■ TASK STATEMENT
Print, from the listing below, the lines starting at the line containing "Parents sitting and holding babies" and ending at the line containing "à l’aménagement résidentiel.", exactly as they stand, and print nothing else.

■ INFORMATION SHOWN
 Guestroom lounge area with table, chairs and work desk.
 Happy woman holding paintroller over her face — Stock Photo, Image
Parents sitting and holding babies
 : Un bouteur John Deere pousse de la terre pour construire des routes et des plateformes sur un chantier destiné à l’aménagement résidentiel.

...

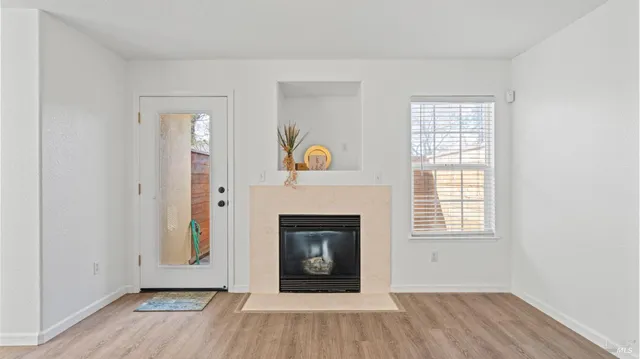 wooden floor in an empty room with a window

■ YOUR RESPONSE
Parents sitting and holding babies
 : Un bouteur John Deere pousse de la terre pour construire des routes et des plateformes sur un chantier destiné à l’aménagement résidentiel.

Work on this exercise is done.